**WHAT NEEDS TO BE DONE**
Give the lines again exactly as they appear below, from the line with "10.26ct Amethyst, Onyx and Diamond Ring - 3" to the line with "Oceanfront Capri Indoor", both included, and only those lines. Leave every picture out.

**DATA UNDER STUDY**
*** Block opens ***

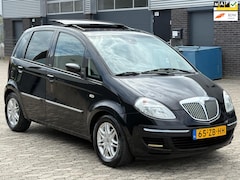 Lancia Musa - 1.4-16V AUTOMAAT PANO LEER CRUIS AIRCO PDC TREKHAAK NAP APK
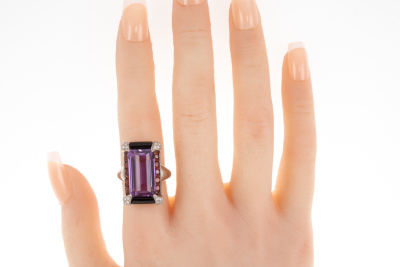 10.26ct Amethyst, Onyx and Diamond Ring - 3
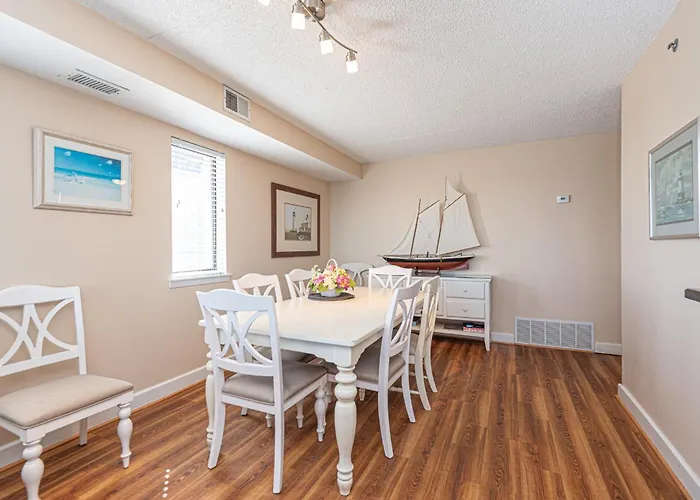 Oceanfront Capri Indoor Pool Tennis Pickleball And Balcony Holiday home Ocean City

*** Block closes ***
*** Block opens ***

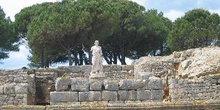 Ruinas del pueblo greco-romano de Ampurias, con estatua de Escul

*** Block closes ***
*** Block opens ***

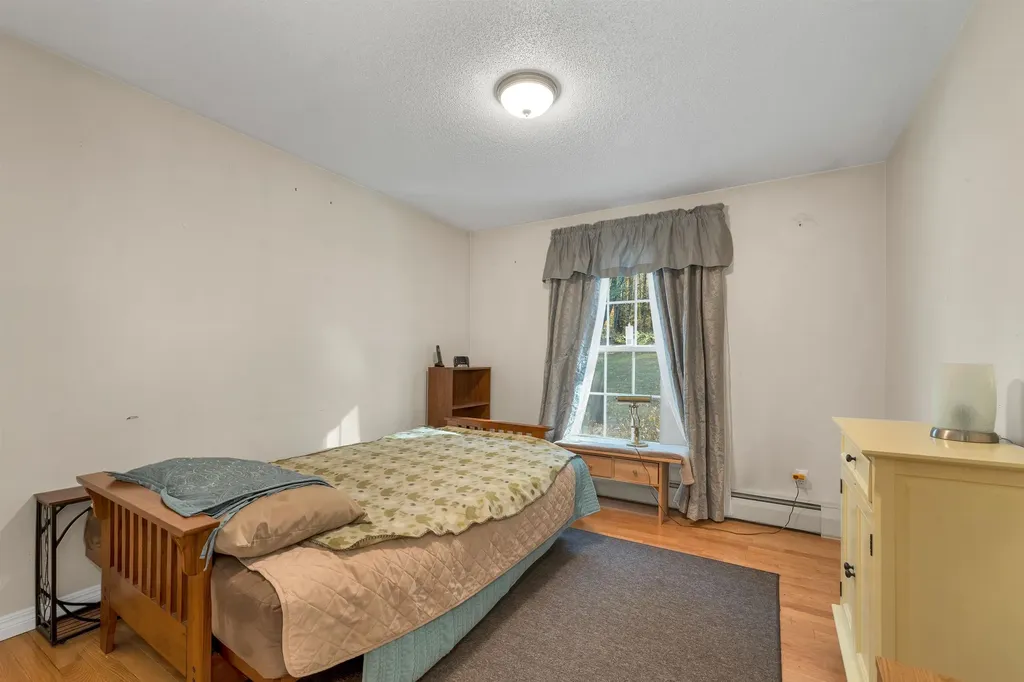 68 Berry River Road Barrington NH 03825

*** Block closes ***

**EXERCISE RESULT**
 10.26ct Amethyst, Onyx and Diamond Ring - 3
 Oceanfront Capri Indoor Pool Tennis Pickleball And Balcony Holiday home Ocean City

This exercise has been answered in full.